第四十四話 CITY OF SAILS

最近、ニュージーランドからヨットで来た人と知り合いになりましたが、ニュージーランド
のオークランドの別名は”CITY OF SAILS"だそうです。まさしくヨットの町と言いますか
5人に一人はヨットを所有している。週末ともなれば、海はヨットだらけ、それほど、ヨット
というものが根付いている。何ら、特別な遊びでは無いようです。

週末になると、鱒釣り、ちなみに餌釣りは禁止だそうです。それは餌をつけると釣れすぎ
るという事で、疑似餌で釣る。他にはサイクリングとか、ラグビーが盛ん。それと同じよう
にセーリングにも出る。セーリングは釣りに行くという姿勢と何ら変わらないのかもしれ
ません。釣りが好きだから釣りに行く。セーリングが好きだからセーリングに行く。そんな
もんです。

釣りでもスポーツでも、積極的に行動しに行くという姿勢で、積極的に楽しもうという姿勢
です。やっている行動そのものを楽しんでいます。セーリングはと言いますと、二通りあっ
て、スポーツ的に走る積極的な楽しみ方があって、もうひとつはただのんびり過ごすという
ものです。後者は普段の仕事で疲れた心身を癒すというようなニュアンスがある。ヨットで
無くても良いのだが、たまたまヨットだったという感じがある。こういう場合はなかなか積極
的に運営するという事にはならない。たまの気分転換、もっと疲れるとヨットにさえ乗れない。

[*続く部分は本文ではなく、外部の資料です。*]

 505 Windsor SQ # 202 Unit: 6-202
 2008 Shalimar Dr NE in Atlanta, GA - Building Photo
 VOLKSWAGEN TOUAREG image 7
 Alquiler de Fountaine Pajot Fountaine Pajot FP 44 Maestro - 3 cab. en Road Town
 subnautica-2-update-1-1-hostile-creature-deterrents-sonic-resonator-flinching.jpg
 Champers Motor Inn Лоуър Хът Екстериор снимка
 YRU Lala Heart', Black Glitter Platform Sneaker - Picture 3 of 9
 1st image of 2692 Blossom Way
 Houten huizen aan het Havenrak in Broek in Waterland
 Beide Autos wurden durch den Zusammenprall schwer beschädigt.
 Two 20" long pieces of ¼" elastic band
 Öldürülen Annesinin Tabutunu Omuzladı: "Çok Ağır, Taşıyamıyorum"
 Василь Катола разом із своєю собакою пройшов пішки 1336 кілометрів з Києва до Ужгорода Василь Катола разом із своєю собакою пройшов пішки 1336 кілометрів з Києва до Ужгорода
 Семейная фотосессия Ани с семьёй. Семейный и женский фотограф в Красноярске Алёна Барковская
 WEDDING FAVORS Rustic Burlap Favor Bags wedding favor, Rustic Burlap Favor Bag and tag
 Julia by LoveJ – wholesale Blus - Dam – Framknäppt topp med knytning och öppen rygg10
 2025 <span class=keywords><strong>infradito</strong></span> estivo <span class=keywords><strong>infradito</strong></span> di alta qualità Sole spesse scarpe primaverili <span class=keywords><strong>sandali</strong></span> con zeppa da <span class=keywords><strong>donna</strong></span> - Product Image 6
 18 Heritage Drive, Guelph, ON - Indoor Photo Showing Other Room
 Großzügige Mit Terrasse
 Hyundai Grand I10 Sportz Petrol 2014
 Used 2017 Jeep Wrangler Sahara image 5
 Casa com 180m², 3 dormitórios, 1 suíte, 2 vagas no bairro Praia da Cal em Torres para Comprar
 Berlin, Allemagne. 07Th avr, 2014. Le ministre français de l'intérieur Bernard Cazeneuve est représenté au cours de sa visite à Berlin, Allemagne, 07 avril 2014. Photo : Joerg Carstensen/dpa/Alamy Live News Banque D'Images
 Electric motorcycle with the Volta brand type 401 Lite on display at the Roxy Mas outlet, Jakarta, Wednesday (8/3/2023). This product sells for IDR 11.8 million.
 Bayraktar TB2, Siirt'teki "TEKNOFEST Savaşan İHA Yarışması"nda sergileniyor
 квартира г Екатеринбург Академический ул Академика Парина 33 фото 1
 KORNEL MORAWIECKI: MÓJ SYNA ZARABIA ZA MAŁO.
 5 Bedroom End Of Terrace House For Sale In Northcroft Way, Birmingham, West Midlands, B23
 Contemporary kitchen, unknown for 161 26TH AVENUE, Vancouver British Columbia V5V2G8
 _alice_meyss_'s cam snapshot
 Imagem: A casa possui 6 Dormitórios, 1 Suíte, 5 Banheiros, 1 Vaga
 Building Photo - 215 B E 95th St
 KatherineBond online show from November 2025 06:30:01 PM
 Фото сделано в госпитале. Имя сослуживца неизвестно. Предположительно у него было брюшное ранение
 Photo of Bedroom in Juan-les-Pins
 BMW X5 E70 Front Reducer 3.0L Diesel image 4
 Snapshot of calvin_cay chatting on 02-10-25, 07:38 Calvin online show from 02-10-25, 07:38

自然の中ですから癒し効果は大きいでしょうが、でも、積極的に運営するという姿勢もあって
しかるべきと思います。テニスをするのにのんびりしたいとは思わない。ゴルフでも野球でも
サッカーでも同じ事です。そのものを楽しむには、積極的な姿勢で臨む事が、それを充分に
楽しむ事になる。スポーツはのんびり、だらだらやっても面白くありません。でも、ヨットという
のはそういう姿勢でやっても、ある程度は楽しんだ気になれる。ここがミソですね。それが
悪いとは言いませんが、それでは充分にヨットを楽しんでいるとは言えないのではないかと
思いますね。テニスやって、山なりのボールをのんびり打ち合う。そんな雰囲気でしょうか。
それだけでは面白くなくなってきて、鋭いボールを打ち返したりしたくなる。うまくなりたいと
思う。ヨットも同じです。

ヨットは遠くに旅をするという目的以外は、セーリングそのものを積極的に楽しむのが良いと
思うのはその為です。山なりのボールを打ち返すばかりか、鋭いボールやサーブを打ち込む
というのと同じで、そこにスポーツ性を見る事によって、もっと楽しめるのがヨットです。のんびり
やっていてもそれなりにセーリング感を味わえるのは良い事なのでしょうが、それだけに、そこから
一歩前に進む事を忘れてしまう。ヨットは深いと言いながら、その中に入ろうとしない原因だと
思います。入らなくても、それなりにセーリング感が味わえるからです。でも、それはまだ山なりの
ボールを打ち合っているのと変わらない。

一歩進んで、鋭いサーブとしたいと思い、そう進んでいくと、もはや遠くに行かなくてもヨットが楽し
めるという事に気づく。走るのがレースでは無くても、楽しめるという事が解ると思います。
一日に2,3時間、たいした体力も要らない。頭と感覚のゲームです。そして、思ったとおりに、
コントロールして最高の感覚を得られた時、ヨットというものを見直す事になります。そして、自然
はその舞台を用意してくれます。遊んでもらっているようなものです。それにどう関わるかは自分
次第ですが、その自分次第で楽しくもあり、退屈もある。

もっともっとヨットが増えて、”COUNTRY OF SAILS”と呼ばれるようになると良いですね。その為
にはセーリングにもっと入っていかなければなりません。楽しまなくてはなりません。私の仕事は
多くの人達がもっと楽しめるようにする事です。それには、遠くを目指す人をたくさん増やすより
今、目の前で誰でも楽しめるセーリングという物を、もっと追求していく事だと思っています。
まるでスポーツのように楽しむという事を知っていただきたいと思います。

人はいつかは遠くへ、のんびりとと言う方が実に多い。それが唯一の楽しみ方であるかのように。
しかし、もっと身近に楽しむ方法があるという事、そして、それが決して船旅の楽しみ方に劣らない
という事、それを知ってほしいと思います。